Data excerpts

◇ ◇ ◇ ◇ ◇

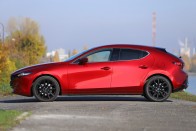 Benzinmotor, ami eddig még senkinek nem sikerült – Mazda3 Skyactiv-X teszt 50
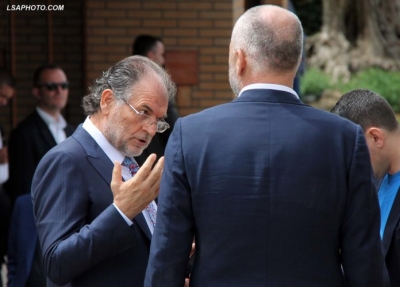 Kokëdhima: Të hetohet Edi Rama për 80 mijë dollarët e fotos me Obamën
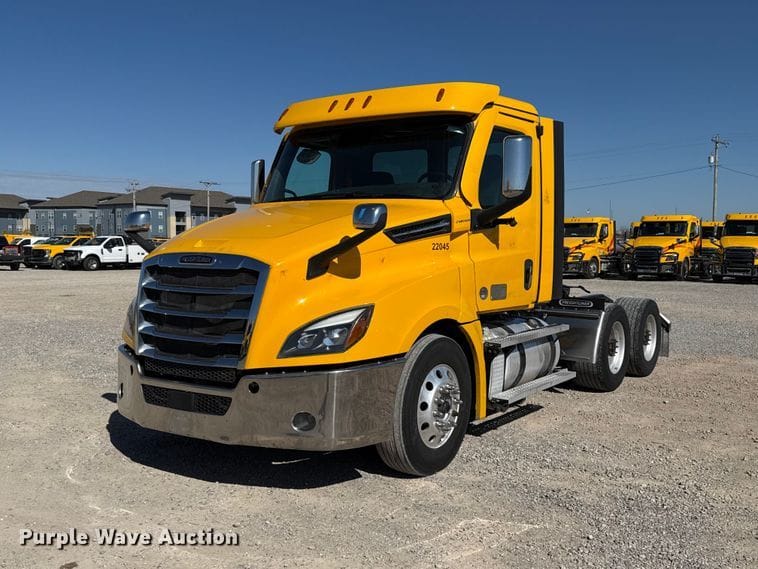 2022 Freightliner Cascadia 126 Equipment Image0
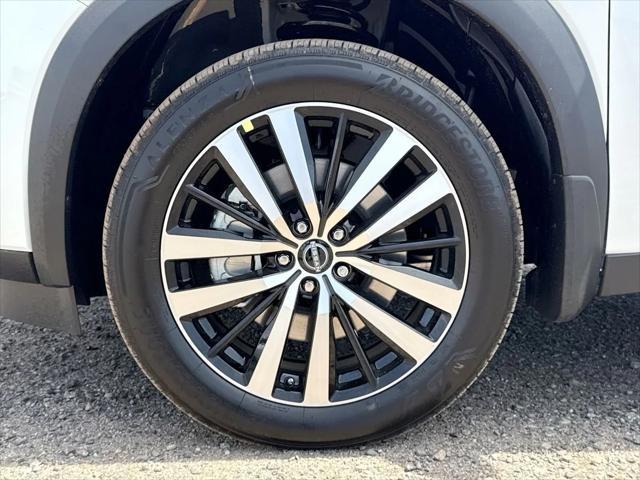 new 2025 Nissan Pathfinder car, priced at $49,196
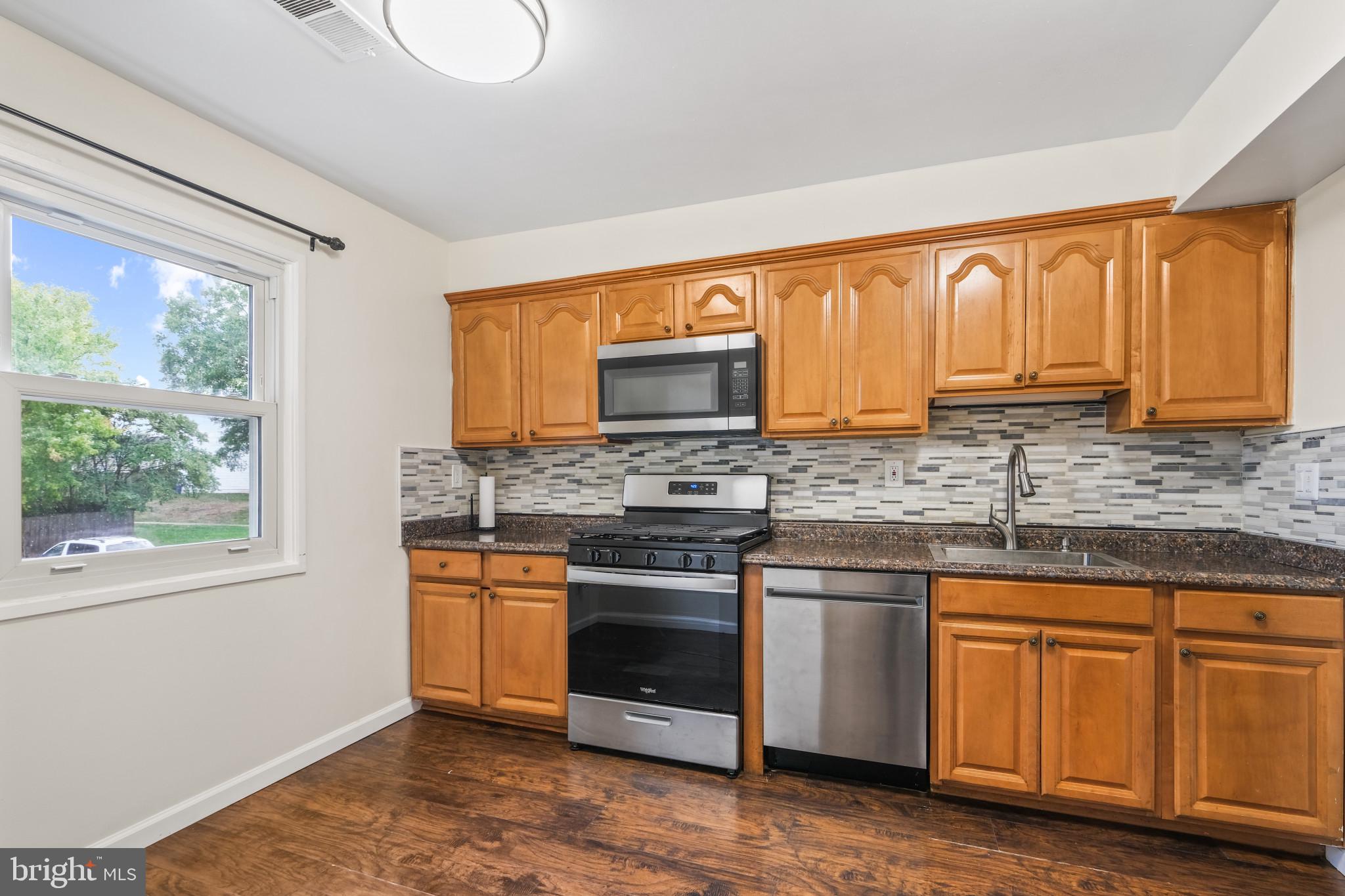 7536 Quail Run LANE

◇ ◇ ◇ ◇ ◇

■ The problem
From the line containing "2022 Freightliner Cascadia" to the last line of the entries, output every line exactly as written, but leave out the pictures.

■ Your response
 2022 Freightliner Cascadia 126 Equipment Image0
 new 2025 Nissan Pathfinder car, priced at $49,196
 7536 Quail Run LANE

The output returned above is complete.